Sternarchogiton nattereri
- Conservation status: Least Concern (IUCN 3.1)

Scientific classification
- Kingdom: Animalia
- Phylum: Chordata
- Class: Actinopterygii
- Order: Gymnotiformes
- Family: Apteronotidae
- Genus: Sternarchogiton
- Species: S. nattereri
- Binomial name: Sternarchogiton nattereri (Steindachner, 1868)
- Synonyms: Oedemognathus exodon Myers, 1936 ; Sternarchus nattereri Steindachner, 1868 ;

= Sternarchogiton nattereri =

- Authority: (Steindachner, 1868)
- Conservation status: LC

Species of weakly electric knifefish

Sternarchogiton nattereri is a species of weakly electric knifefish in the family Apteronotidae. It is native to the Amazon River system and feeds on sponges. Unlike other members of the genus Sternarchogiton, there is pronounced sexual dimorphism in S. nattereri, with reproductively mature males developing strong external teeth on tips of their jaws. These males are so different from the females and juveniles that they were thought to be a different genus and species, the "tooth-lip knifefish" Oedemognathus exodon, for over 40 years.

==Distribution and habitat==
S. nattereri is restricted to large river channels in the lowlands of the Amazon basin. Its habitat ranges from high-conductivity, sediment-rich whitewater rivers such as the Rio Solimões, to low-conductivity, sediment-poor blackwaters such as the Rio Negro. It is one of the most common gymnotiforms in Rio Solimões.

==Description==
S. nattereri has a laterally compressed, knife-shaped body. The dorsal profile of the head is sharply curved from the nape to the snout. The mouth is terminal, with the upper jaw longer than the lower. The dentary is as long as deep, bearing a row of 7-8 conical teeth on the posterior portion, and there are upper and lower pharyngeal tooth plates bearing 9-11 and 7-9 teeth respectively. The eyes are small and covered by translucent skin. The long anal fin contains 180-198 rays. The pectoral fins are broad and pointed with 13-15 rays each, and the lanceolate caudal fin contains 11-15 rays and is almost completely covered with scales. There is a whip-like dorsal appendage anchored into a groove along the back by many fine threads of tendon.

In reproductively mature males, the head becomes elongated and prominent external teeth develop on the upper and lower jaws. Males with teeth tend to have larger gonads than those without. The coloration is a uniform pale white with a pinkish hue caused by subdermal capillaries, especially over anal fin pterygiophores (fin support bones). The operculum is pink due to the presence of the gills underneath. The dorsal surface is gray, with tuberous electroreceptors visible as white dots. All the fins are hyaline, without dark chromatophores.
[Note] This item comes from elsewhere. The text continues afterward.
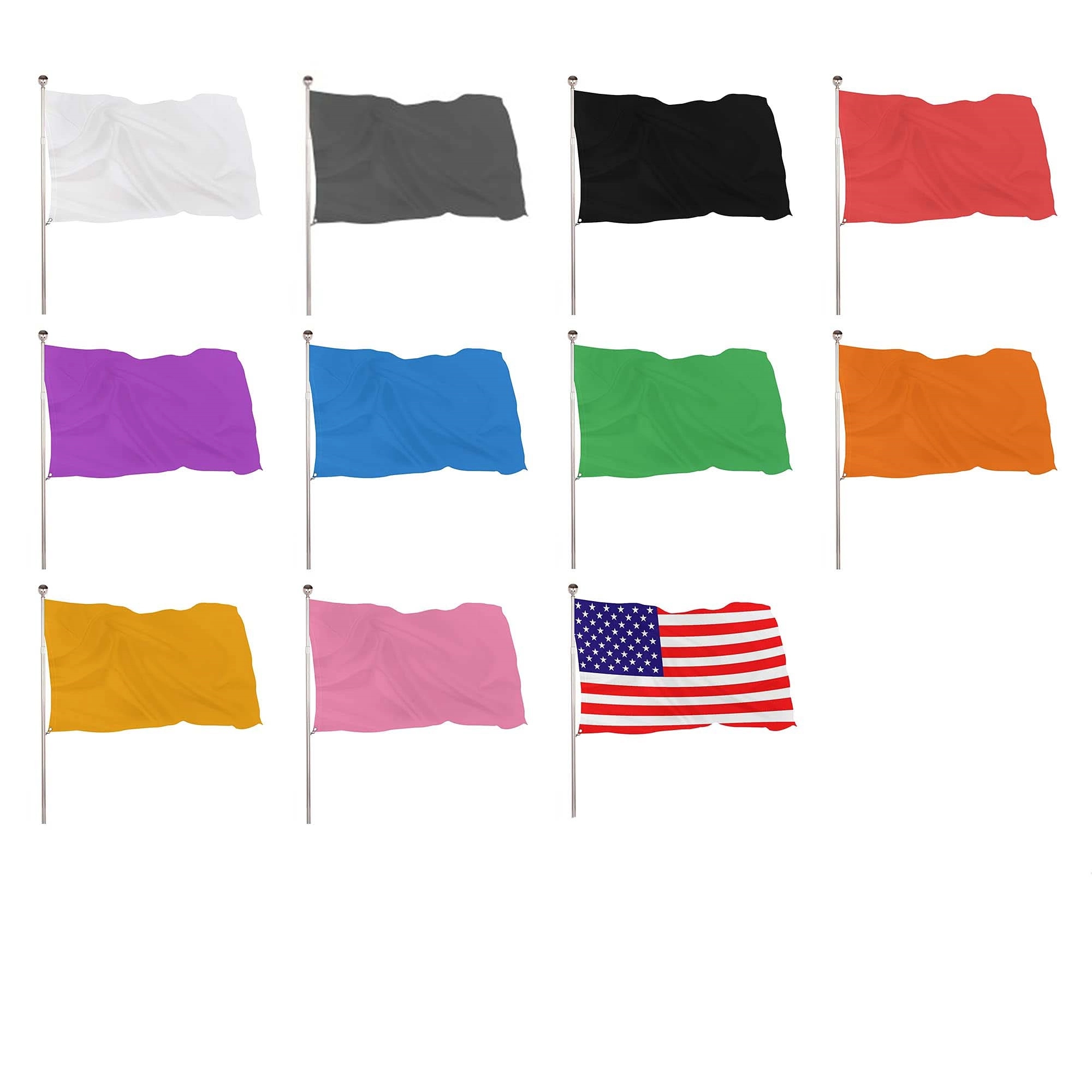 CUSTOM FLAG 3x5 Foot 4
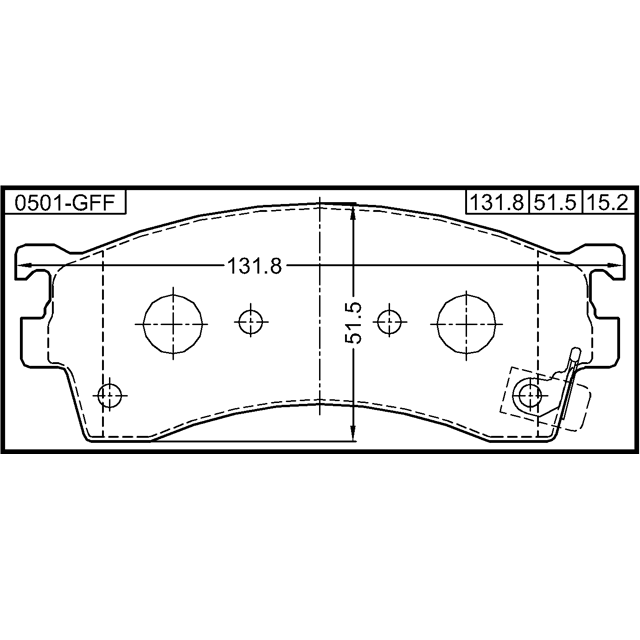 Scheme 0501-GFF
The maximum known length is 25 cm, with males tending to be larger than females.

==Etymology==
The fish is named in honor of Johann Natterer.

==Biology and ecology==
The diet of S. nattereri consists of freshwater sponges growing on submerged trees, stumps, and other woody debris. Before they were recognized to be the males of S. nattereri, "Oedemognathus exodon" was speculated to use its dentition to feed on fish scales. The external teeth of male S. nattereri are now thought to be used in combat for territory or mates; scars and scratches have been found on the napes of several specimens.

In the Tefé region of Brazil, breeding occurs during the rising water period, with adults spawning in floating meadows along the edges of paraná channels (side branches of whitewater rivers that run through adjacent várzea floodplains). As water levels rise further and dissolved oxygen levels drop, the growing juveniles eventually disperse out of these floodplains within floating rafts of vegetation.

Like other apteronotids, S. nattereri produces a continuous, weak electric field for the purposes of electrolocation and communication; this electric organ discharge (EOD) has a fundamental frequency between 732-1465 Hz, one of the largest ranges in the Apteronotidae. The waveform of this discharge has 2-4 phases and exhibits significant variation amongst individuals, but there is no obvious sexual dimorphism. S. nattereri is additionally able to modulate the frequency and amplitude of its EOD to produce communication signals called "chirps" (short-duration, high-frequency signals) and "gradual frequency rises" (long-duration, low-frequency signals). The frequency elevation of S. nattereri chirps ranges between 50 and 300 Hz above baseline, with a maximum of 500 Hz.